▸ **To do**:
Write out the data word for word, taking care that no picture is carried over.

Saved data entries
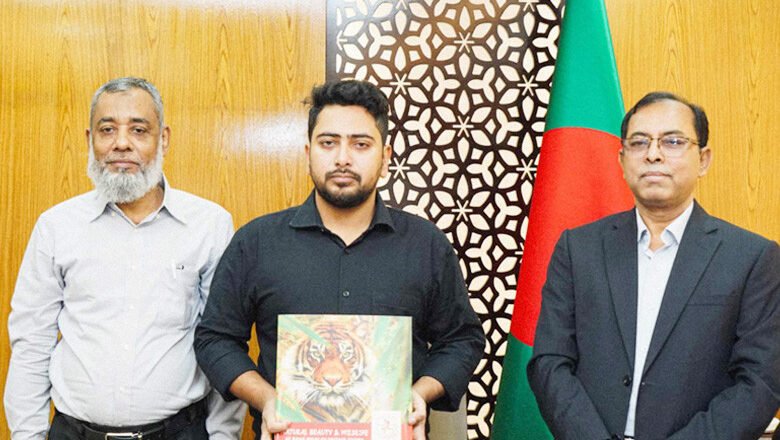 আজ বিশ্ব ডাক দিবস, স্মারক ডাকটিকিট অবমুক্ত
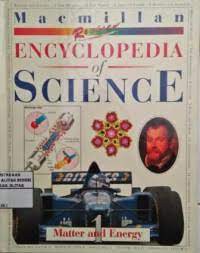 Image of Macmillan Encyclopedia Of Science 1 :Matter and Energy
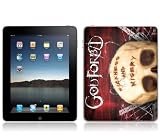 MusicSkins  iPad 用液晶保護フィルム  God Forbid - Sickness And Misery  iPad  MSIPAD0540 god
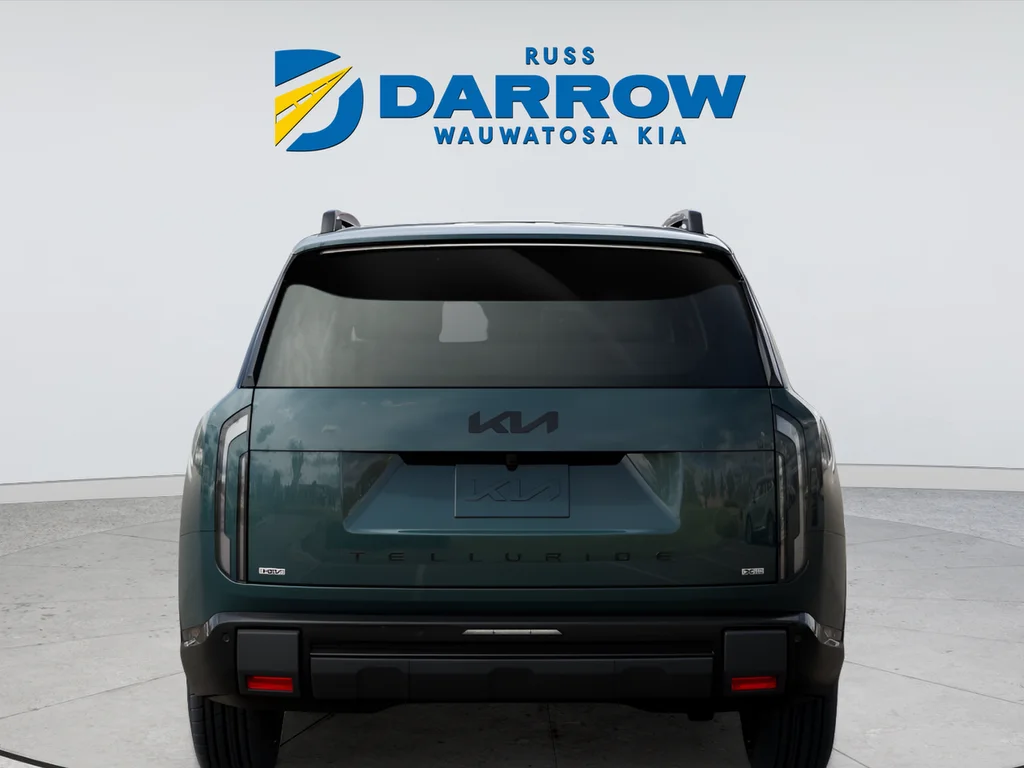 New 2027 Green Kia X-Line SX image 5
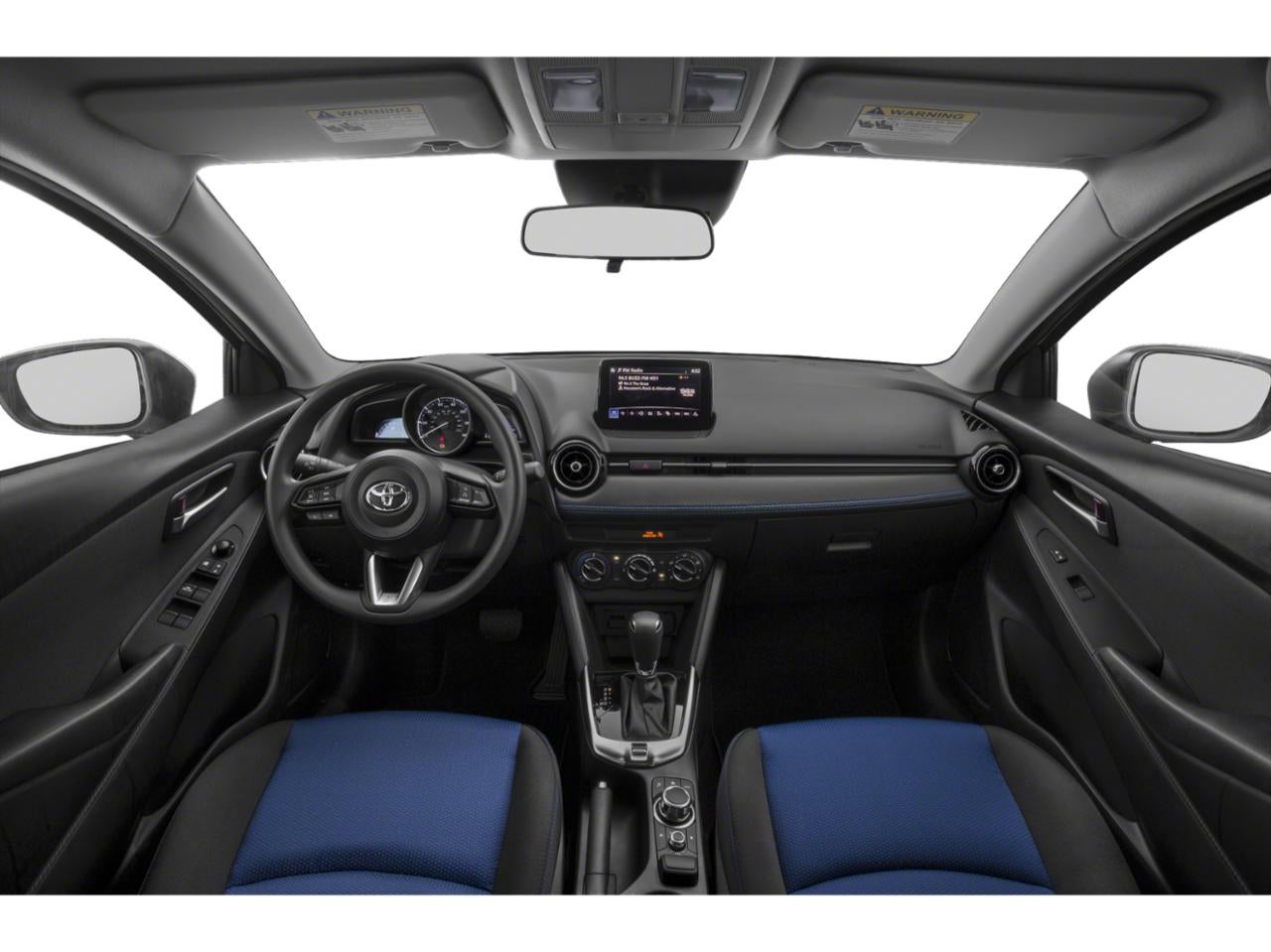 2019 Toyota Yaris LE Auto (Natl)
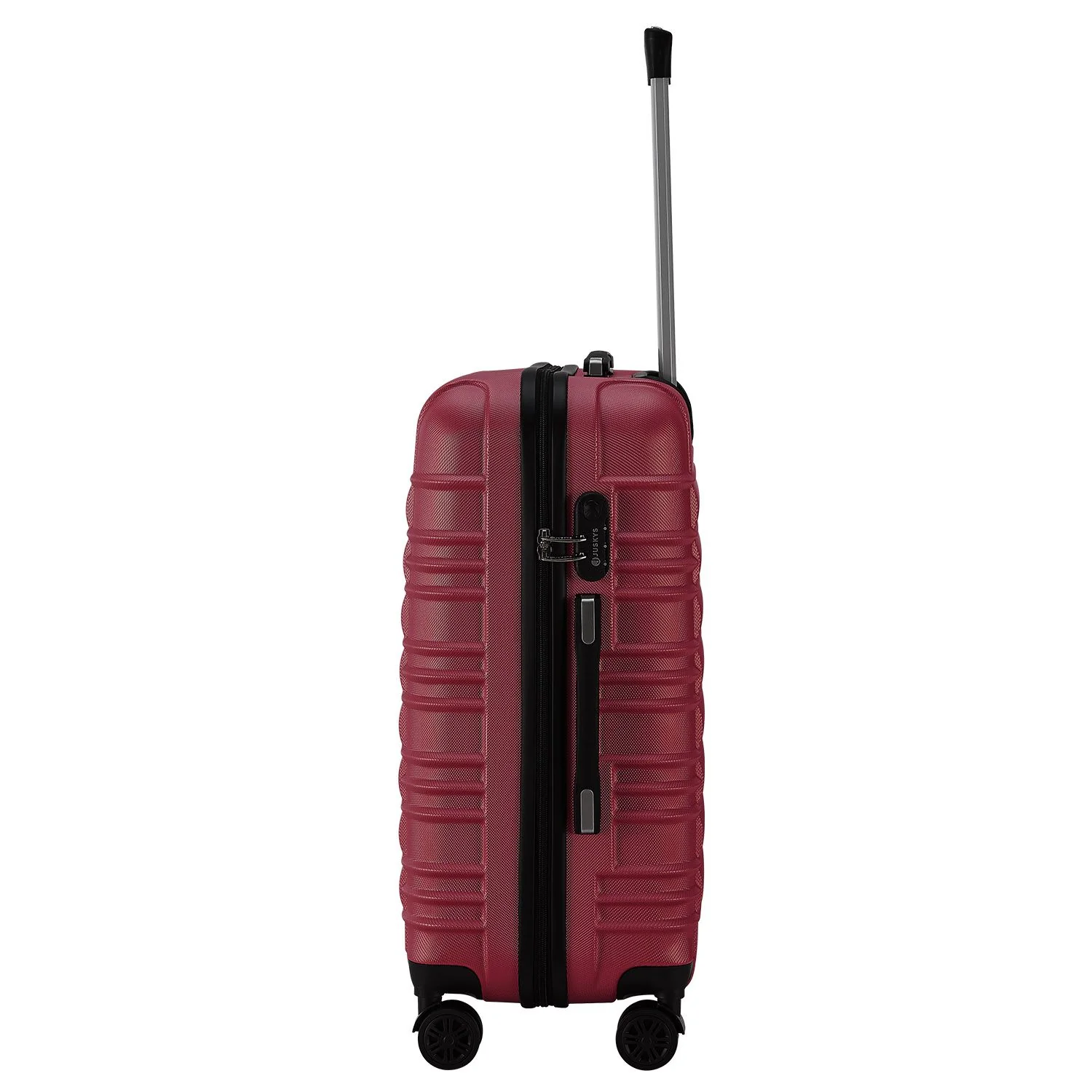 2025 Hartschalen Kofferset Rom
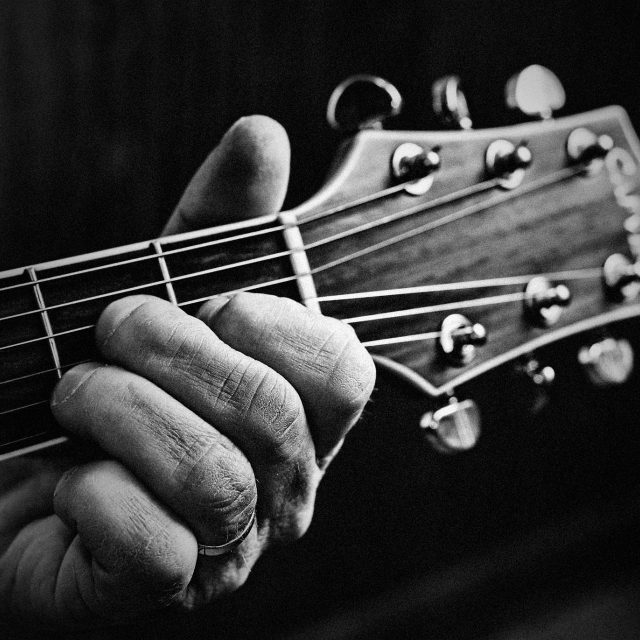 Kytara  (ilustrační foto) | foto: Fotobanka Pixabay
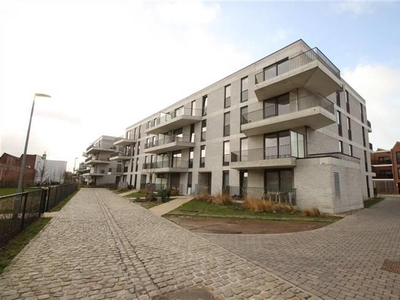 Nieuwbouw appartement op rustige locatie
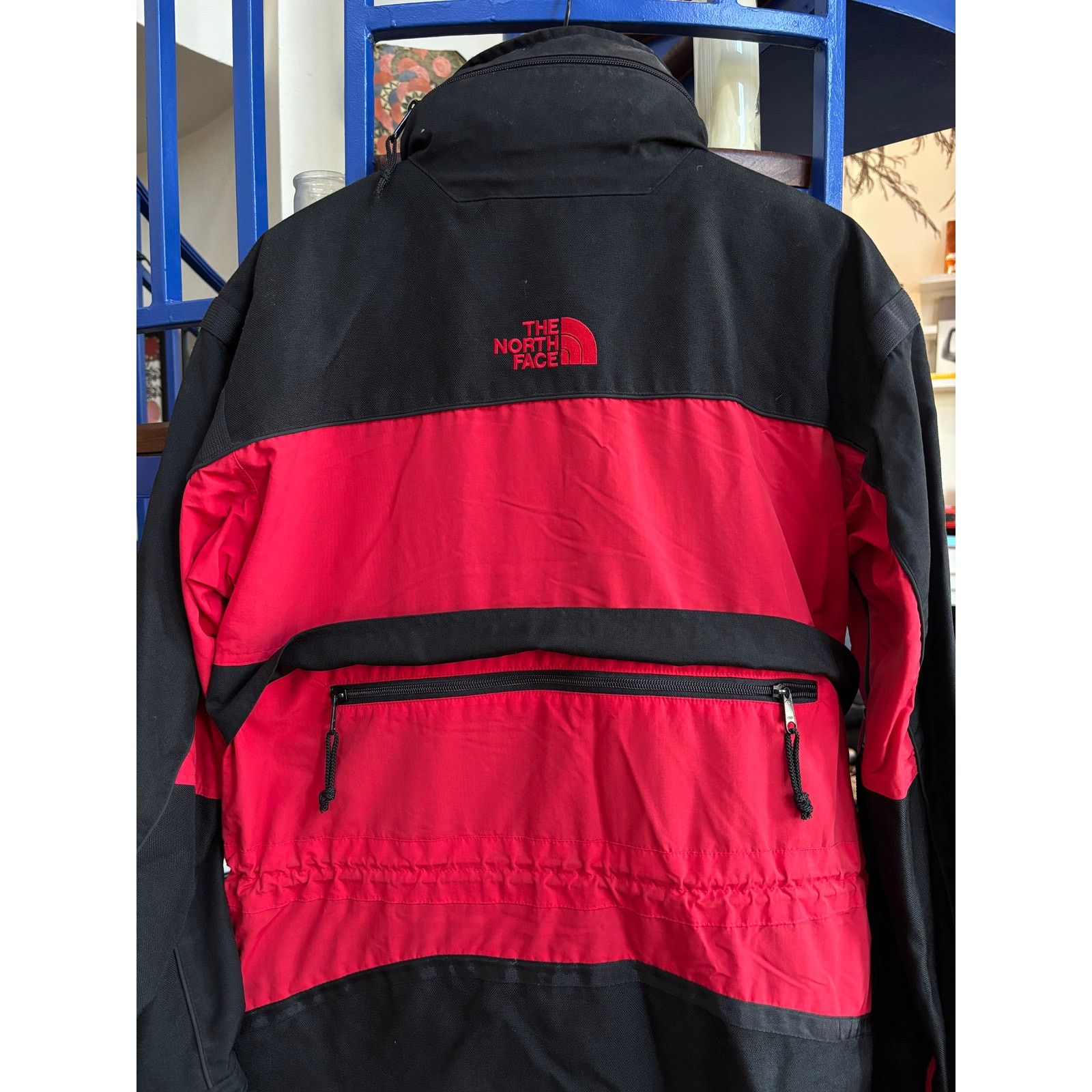 The North Face The North Face Steep Tech Jacket Red Black – Men’s XL Size US XL / EU 56 / 4 - 4 Thumbnail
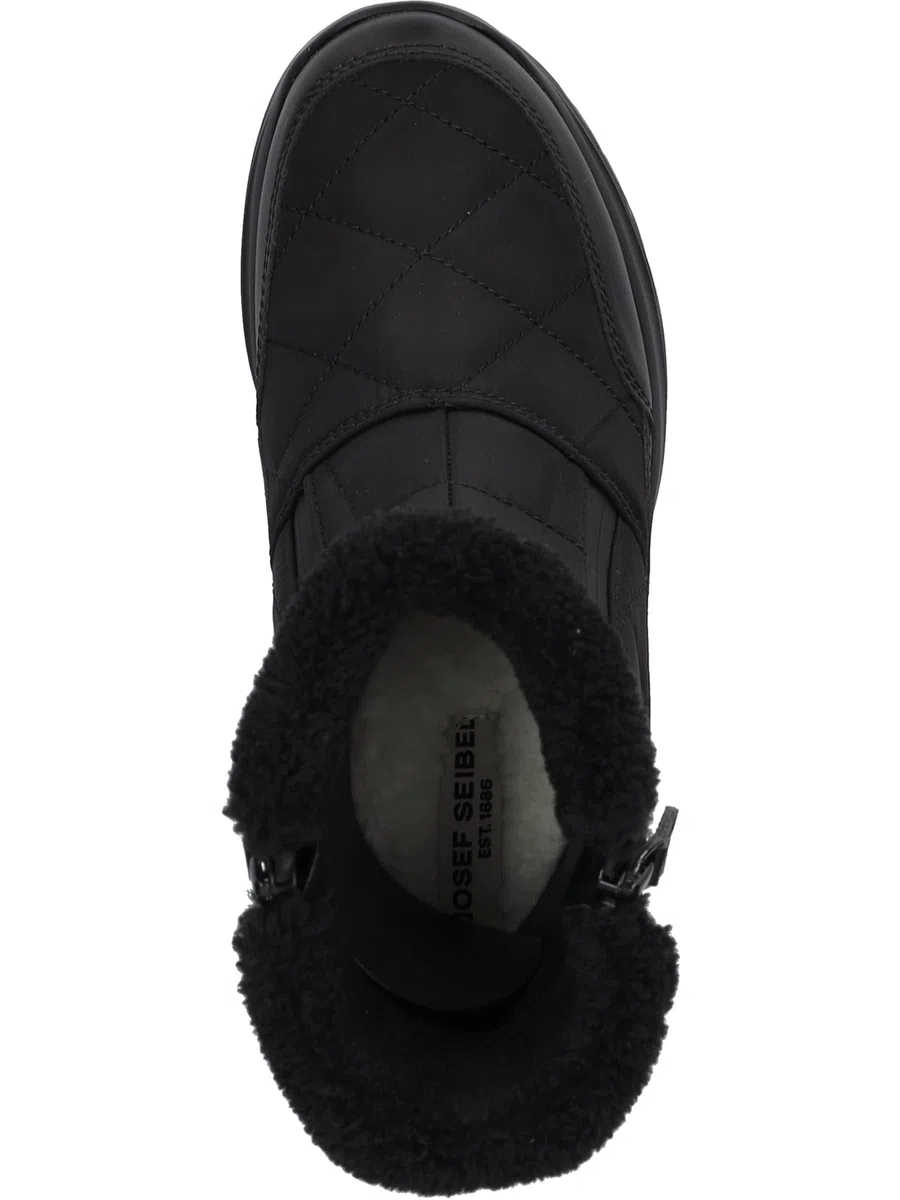 Josef Seibel Damen Klassische Stiefel Colorado.50,Weite G (Normal),Wechselfußbett,wasserdicht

▸ **Answer to this exercise**:
 আজ বিশ্ব ডাক দিবস, স্মারক ডাকটিকিট অবমুক্ত
 Image of Macmillan Encyclopedia Of Science 1 :Matter and Energy
 MusicSkins  iPad 用液晶保護フィルム  God Forbid - Sickness And Misery  iPad  MSIPAD0540 god
 New 2027 Green Kia X-Line SX image 5
 2019 Toyota Yaris LE Auto (Natl)
 2025 Hartschalen Kofferset Rom
 Kytara  (ilustrační foto) | foto: Fotobanka Pixabay
 Nieuwbouw appartement op rustige locatie
 The North Face The North Face Steep Tech Jacket Red Black – Men’s XL Size US XL / EU 56 / 4 - 4 Thumbnail
 Josef Seibel Damen Klassische Stiefel Colorado.50,Weite G (Normal),Wechselfußbett,wasserdicht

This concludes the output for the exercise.